EXERCISE AIM:
The answer must be an exact reproduction of all the entries.

──────── DATA EXTRACT

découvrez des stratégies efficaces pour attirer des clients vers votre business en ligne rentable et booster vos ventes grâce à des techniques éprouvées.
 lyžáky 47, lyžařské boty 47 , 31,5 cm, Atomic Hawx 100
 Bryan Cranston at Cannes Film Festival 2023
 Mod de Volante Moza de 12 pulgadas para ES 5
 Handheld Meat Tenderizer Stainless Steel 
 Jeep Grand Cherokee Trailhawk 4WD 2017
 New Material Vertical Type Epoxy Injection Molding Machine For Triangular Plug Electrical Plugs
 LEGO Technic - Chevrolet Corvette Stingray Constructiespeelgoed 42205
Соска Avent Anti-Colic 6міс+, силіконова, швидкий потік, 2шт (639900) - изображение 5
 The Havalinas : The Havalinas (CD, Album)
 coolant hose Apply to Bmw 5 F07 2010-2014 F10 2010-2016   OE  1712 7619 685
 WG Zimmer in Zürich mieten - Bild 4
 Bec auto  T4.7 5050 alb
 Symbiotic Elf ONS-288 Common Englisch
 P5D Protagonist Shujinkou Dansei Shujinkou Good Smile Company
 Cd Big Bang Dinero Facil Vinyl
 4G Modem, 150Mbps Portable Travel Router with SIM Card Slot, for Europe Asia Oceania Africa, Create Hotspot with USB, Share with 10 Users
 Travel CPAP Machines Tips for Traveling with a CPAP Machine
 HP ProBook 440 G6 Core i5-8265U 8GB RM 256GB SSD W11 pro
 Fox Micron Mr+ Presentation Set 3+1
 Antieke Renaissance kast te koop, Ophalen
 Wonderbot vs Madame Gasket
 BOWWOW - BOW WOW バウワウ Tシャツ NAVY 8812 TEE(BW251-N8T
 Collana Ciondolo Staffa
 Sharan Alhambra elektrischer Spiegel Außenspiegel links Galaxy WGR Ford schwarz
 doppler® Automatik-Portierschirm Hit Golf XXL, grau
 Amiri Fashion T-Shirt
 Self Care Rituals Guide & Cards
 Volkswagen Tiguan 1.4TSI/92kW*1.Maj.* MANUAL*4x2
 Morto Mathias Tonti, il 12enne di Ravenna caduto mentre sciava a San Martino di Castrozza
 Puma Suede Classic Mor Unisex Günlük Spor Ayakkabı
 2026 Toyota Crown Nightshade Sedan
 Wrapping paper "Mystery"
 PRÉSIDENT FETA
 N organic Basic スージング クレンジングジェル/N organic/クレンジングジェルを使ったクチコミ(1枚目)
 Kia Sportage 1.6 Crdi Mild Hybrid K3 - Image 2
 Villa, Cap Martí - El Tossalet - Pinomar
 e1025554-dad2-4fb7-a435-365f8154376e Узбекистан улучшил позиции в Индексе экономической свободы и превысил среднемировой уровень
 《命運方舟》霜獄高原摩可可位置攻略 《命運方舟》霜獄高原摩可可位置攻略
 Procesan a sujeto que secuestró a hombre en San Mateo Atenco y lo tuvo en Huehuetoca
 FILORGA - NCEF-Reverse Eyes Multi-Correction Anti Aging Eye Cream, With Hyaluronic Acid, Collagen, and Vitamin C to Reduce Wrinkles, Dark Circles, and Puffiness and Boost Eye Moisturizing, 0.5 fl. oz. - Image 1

────────────────

RESULT OF THE EXERCISE:
découvrez des stratégies efficaces pour attirer des clients vers votre business en ligne rentable et booster vos ventes grâce à des techniques éprouvées.
 lyžáky 47, lyžařské boty 47 , 31,5 cm, Atomic Hawx 100
 Bryan Cranston at Cannes Film Festival 2023
 Mod de Volante Moza de 12 pulgadas para ES 5
 Handheld Meat Tenderizer Stainless Steel 
 Jeep Grand Cherokee Trailhawk 4WD 2017
 New Material Vertical Type Epoxy Injection Molding Machine For Triangular Plug Electrical Plugs
 LEGO Technic - Chevrolet Corvette Stingray Constructiespeelgoed 42205
Соска Avent Anti-Colic 6міс+, силіконова, швидкий потік, 2шт (639900) - изображение 5
 The Havalinas : The Havalinas (CD, Album)
 coolant hose Apply to Bmw 5 F07 2010-2014 F10 2010-2016   OE  1712 7619 685
 WG Zimmer in Zürich mieten - Bild 4
 Bec auto  T4.7 5050 alb
 Symbiotic Elf ONS-288 Common Englisch
 P5D Protagonist Shujinkou Dansei Shujinkou Good Smile Company
 Cd Big Bang Dinero Facil Vinyl
 4G Modem, 150Mbps Portable Travel Router with SIM Card Slot, for Europe Asia Oceania Africa, Create Hotspot with USB, Share with 10 Users
 Travel CPAP Machines Tips for Traveling with a CPAP Machine
 HP ProBook 440 G6 Core i5-8265U 8GB RM 256GB SSD W11 pro
 Fox Micron Mr+ Presentation Set 3+1
 Antieke Renaissance kast te koop, Ophalen
 Wonderbot vs Madame Gasket
 BOWWOW - BOW WOW バウワウ Tシャツ NAVY 8812 TEE(BW251-N8T
 Collana Ciondolo Staffa
 Sharan Alhambra elektrischer Spiegel Außenspiegel links Galaxy WGR Ford schwarz
 doppler® Automatik-Portierschirm Hit Golf XXL, grau
 Amiri Fashion T-Shirt
 Self Care Rituals Guide & Cards
 Volkswagen Tiguan 1.4TSI/92kW*1.Maj.* MANUAL*4x2
 Morto Mathias Tonti, il 12enne di Ravenna caduto mentre sciava a San Martino di Castrozza
 Puma Suede Classic Mor Unisex Günlük Spor Ayakkabı
 2026 Toyota Crown Nightshade Sedan
 Wrapping paper "Mystery"
 PRÉSIDENT FETA
 N organic Basic スージング クレンジングジェル/N organic/クレンジングジェルを使ったクチコミ(1枚目)
 Kia Sportage 1.6 Crdi Mild Hybrid K3 - Image 2
 Villa, Cap Martí - El Tossalet - Pinomar
 e1025554-dad2-4fb7-a435-365f8154376e Узбекистан улучшил позиции в Индексе экономической свободы и превысил среднемировой уровень
 《命運方舟》霜獄高原摩可可位置攻略 《命運方舟》霜獄高原摩可可位置攻略
 Procesan a sujeto que secuestró a hombre en San Mateo Atenco y lo tuvo en Huehuetoca
 FILORGA - NCEF-Reverse Eyes Multi-Correction Anti Aging Eye Cream, With Hyaluronic Acid, Collagen, and Vitamin C to Reduce Wrinkles, Dark Circles, and Puffiness and Boost Eye Moisturizing, 0.5 fl. oz. - Image 1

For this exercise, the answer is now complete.